◆ RECORDS SHOWN ◆
============

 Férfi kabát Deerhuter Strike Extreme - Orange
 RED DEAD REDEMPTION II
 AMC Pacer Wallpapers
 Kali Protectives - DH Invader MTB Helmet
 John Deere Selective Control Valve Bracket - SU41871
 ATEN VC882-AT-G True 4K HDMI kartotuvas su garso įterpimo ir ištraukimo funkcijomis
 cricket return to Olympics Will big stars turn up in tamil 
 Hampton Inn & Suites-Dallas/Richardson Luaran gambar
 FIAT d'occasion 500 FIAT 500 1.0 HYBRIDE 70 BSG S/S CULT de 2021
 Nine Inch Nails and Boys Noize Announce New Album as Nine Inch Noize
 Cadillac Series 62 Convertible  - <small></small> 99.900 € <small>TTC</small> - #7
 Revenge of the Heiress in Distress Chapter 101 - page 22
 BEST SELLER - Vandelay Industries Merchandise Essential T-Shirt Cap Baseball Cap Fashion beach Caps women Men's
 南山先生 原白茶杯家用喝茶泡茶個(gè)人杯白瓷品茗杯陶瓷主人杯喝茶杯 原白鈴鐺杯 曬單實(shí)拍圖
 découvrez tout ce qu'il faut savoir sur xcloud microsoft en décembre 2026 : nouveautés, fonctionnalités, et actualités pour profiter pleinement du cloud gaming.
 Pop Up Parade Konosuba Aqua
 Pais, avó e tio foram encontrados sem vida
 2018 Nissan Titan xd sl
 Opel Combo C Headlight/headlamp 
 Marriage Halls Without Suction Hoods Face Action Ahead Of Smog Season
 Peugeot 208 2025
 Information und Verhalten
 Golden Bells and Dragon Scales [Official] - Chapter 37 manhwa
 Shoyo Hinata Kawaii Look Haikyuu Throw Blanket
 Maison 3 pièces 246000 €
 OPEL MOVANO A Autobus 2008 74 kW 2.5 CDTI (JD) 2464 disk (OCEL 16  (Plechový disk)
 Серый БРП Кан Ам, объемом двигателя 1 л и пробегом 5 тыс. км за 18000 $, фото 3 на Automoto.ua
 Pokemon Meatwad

============

◆ WHAT THE TASK REQUIRES ◆
In the data above, which lines lie between the line with "AMC Pacer Wallpapers" and the line with "Revenge of the", inclusive? Print those lines exactly and nothing else.

◆ TASK RESPONSE ◆
 AMC Pacer Wallpapers
 Kali Protectives - DH Invader MTB Helmet
 John Deere Selective Control Valve Bracket - SU41871
 ATEN VC882-AT-G True 4K HDMI kartotuvas su garso įterpimo ir ištraukimo funkcijomis
 cricket return to Olympics Will big stars turn up in tamil 
 Hampton Inn & Suites-Dallas/Richardson Luaran gambar
 FIAT d'occasion 500 FIAT 500 1.0 HYBRIDE 70 BSG S/S CULT de 2021
 Nine Inch Nails and Boys Noize Announce New Album as Nine Inch Noize
 Cadillac Series 62 Convertible  - <small></small> 99.900 € <small>TTC</small> - #7
 Revenge of the Heiress in Distress Chapter 101 - page 22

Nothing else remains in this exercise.